La Cámara de Diputados aprobó la reforma de la Ley de Glaciares impulsada por La Libertad Avanza (LLA), pese a las movilizaciones de grupos ambientalistas en las inmediaciones del Congreso y a un clima de fuerte confrontación política dentro del recinto. El proyecto, que ya contaba con media sanción del Senado, fue convertido en ley con 137 votos a favor, 111 en contra y tres abstenciones.
La modificación habilita a las provincias a definir sus áreas periglaciares, un punto clave que fue defendido por el oficialismo bajo el argumento de compatibilizar la protección ambiental con el desarrollo productivo. Los diputados José Peluc y Nicolás Mayoraz sostuvieron que la iniciativa demuestra que es posible “armonizar” el cuidado del ambiente con la explotación de recursos naturales.
El respaldo al proyecto llegó no solo desde los socios habituales del Gobierno, como el PRO y la UCR, sino también desde bloques provinciales vinculados a economías mineras. Del otro lado, la oposición cuestionó con dureza la iniciativa. La diputada Sabrina Selva denunció presiones del sector minero, mientras que Maximiliano Ferraro afirmó que “las mineras redactaron esta ley” y advirtió sobre un “retroceso sin precedentes”. En la misma línea, Miguel Ángel Pichetto calificó como “falaz” el argumento de la falta de inversiones.
En paralelo al debate ambiental, la sesión estuvo atravesada por intentos fallidos de la oposición para citar al jefe de Gabinete, Manuel Adorni, y a la secretaria general de la Presidencia, Karina Milei. Por escasos votos, no prosperaron los pedidos de interpelación ni la moción de censura contra Adorni, vinculados a cuestionamientos por su patrimonio, el escándalo cripto $Libra y el uso de recursos públicos.
Ninguna de las iniciativas alcanzó los dos tercios necesarios, gracias al respaldo del oficialismo y sus aliados.
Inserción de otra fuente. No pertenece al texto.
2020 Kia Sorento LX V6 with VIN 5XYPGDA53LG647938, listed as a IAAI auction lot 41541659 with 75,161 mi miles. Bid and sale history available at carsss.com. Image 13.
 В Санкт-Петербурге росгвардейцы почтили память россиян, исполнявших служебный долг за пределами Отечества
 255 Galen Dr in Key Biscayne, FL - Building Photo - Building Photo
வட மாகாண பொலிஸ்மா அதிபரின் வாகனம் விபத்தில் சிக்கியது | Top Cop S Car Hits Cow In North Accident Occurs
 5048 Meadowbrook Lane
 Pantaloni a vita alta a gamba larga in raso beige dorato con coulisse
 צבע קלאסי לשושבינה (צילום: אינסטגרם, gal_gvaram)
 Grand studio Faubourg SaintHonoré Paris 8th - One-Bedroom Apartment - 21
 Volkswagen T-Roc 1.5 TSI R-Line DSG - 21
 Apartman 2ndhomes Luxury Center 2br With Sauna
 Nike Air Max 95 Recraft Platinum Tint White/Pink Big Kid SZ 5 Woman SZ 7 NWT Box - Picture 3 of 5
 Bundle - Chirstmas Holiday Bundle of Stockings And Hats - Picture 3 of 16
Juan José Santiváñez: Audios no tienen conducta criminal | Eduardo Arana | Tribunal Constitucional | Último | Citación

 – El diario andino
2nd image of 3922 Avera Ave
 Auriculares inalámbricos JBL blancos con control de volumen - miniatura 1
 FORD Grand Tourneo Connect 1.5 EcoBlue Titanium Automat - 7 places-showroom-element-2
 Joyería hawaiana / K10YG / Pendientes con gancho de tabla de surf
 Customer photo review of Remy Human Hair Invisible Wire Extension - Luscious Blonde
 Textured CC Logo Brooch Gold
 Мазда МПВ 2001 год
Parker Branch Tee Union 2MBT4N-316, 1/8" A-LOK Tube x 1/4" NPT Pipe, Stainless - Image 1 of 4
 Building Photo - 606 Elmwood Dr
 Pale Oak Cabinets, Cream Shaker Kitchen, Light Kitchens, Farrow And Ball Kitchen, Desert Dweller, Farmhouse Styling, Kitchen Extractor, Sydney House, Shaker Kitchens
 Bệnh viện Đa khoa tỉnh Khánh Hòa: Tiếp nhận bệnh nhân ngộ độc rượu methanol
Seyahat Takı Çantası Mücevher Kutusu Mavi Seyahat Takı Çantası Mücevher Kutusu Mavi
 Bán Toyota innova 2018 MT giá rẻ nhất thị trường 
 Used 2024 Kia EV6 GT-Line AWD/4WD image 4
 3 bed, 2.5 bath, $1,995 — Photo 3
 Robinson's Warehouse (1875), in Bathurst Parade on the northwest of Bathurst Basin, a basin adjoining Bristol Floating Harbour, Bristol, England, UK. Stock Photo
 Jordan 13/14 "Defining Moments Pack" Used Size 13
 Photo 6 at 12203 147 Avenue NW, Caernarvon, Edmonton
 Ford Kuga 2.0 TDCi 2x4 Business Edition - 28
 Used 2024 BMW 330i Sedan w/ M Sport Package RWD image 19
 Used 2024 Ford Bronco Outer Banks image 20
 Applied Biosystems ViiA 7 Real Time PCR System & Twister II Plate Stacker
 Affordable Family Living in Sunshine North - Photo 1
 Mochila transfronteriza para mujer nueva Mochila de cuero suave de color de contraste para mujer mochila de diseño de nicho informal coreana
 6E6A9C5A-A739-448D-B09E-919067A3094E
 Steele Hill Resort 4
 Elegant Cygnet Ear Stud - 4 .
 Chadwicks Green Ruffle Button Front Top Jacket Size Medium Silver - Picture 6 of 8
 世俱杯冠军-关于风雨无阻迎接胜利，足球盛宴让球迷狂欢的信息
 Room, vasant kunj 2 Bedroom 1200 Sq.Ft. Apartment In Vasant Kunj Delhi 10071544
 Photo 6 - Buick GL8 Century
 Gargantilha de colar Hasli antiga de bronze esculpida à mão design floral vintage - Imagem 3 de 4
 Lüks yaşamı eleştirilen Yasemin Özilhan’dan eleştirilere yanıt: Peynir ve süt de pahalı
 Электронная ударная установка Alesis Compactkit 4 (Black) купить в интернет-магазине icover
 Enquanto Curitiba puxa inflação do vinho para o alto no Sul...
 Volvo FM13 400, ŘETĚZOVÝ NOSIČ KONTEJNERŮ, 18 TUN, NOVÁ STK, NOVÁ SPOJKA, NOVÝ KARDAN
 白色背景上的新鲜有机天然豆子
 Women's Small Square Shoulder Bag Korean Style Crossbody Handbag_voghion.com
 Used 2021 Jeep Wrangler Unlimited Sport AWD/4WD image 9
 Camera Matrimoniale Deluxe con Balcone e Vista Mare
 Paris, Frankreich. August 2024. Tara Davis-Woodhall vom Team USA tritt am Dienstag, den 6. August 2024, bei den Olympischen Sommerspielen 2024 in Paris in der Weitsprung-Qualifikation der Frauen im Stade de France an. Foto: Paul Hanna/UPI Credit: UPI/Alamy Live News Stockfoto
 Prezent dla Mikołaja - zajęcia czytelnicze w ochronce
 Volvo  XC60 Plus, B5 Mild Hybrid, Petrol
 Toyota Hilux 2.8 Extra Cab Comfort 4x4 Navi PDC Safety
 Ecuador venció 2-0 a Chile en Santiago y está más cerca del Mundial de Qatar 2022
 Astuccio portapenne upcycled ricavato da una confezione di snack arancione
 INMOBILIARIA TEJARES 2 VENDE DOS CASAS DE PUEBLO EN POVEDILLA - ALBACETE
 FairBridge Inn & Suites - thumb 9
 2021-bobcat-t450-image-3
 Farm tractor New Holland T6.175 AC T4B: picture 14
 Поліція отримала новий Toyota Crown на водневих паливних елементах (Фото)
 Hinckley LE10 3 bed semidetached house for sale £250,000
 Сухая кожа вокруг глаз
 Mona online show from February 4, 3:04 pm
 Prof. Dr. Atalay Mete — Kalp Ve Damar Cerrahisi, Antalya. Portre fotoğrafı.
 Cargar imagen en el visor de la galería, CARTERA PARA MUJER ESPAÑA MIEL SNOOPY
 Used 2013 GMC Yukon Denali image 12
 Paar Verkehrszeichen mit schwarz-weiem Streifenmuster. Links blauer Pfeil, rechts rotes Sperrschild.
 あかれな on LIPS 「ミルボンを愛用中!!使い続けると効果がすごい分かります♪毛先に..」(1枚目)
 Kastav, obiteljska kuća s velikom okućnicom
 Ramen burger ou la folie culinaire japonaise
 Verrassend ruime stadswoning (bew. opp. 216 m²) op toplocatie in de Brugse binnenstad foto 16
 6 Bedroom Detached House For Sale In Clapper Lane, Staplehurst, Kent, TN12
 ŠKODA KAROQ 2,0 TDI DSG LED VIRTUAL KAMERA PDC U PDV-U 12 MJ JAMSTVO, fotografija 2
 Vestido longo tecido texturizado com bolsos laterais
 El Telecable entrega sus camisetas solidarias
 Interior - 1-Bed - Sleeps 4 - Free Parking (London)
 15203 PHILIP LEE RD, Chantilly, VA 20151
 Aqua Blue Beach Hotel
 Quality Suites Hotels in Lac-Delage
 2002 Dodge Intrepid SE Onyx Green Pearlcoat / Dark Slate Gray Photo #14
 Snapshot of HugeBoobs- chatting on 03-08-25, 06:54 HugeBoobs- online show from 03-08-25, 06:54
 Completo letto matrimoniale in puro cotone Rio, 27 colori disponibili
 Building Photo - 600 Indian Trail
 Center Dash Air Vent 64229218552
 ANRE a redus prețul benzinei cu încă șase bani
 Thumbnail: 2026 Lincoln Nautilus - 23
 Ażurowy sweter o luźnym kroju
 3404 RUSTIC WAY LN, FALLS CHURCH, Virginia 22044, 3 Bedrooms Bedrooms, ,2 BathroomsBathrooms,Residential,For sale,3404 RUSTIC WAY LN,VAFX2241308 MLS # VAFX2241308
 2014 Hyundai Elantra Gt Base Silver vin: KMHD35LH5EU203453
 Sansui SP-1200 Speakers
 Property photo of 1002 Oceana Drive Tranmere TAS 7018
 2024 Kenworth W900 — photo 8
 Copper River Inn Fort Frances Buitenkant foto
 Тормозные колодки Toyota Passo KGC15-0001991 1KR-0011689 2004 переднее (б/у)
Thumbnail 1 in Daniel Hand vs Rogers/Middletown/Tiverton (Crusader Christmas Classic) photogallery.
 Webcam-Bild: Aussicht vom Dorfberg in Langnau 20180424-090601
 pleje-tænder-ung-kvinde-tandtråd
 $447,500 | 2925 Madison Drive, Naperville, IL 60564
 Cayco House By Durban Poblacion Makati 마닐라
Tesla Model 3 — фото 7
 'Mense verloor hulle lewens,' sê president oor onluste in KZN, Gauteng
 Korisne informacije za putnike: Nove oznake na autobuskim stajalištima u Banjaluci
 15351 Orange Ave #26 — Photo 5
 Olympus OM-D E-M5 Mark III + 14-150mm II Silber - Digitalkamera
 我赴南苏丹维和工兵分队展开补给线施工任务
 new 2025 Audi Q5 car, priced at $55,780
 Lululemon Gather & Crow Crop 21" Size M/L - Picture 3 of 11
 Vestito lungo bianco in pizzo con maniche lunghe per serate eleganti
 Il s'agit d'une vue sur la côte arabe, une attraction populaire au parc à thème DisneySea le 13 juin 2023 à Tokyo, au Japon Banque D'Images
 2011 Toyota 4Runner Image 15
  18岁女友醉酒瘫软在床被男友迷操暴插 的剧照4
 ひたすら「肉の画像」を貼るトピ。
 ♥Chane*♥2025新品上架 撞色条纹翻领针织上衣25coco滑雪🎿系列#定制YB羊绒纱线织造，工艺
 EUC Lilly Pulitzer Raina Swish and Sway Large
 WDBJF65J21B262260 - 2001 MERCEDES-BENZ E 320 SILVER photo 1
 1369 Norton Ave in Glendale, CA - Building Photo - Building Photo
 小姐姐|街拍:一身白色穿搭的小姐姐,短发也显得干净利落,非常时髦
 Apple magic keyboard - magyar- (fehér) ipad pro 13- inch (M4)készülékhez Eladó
También fracasaron los intentos de debatir en el recinto el retiro de acreditaciones a medios de comunicación, una medida que fue repudiada por sectores opositores.
La jornada dejó así un doble saldo: la sanción de una ley clave para el Gobierno en materia productiva, y una oposición que, aunque activa, no logró reunir la fuerza suficiente para imponer su agenda de control político.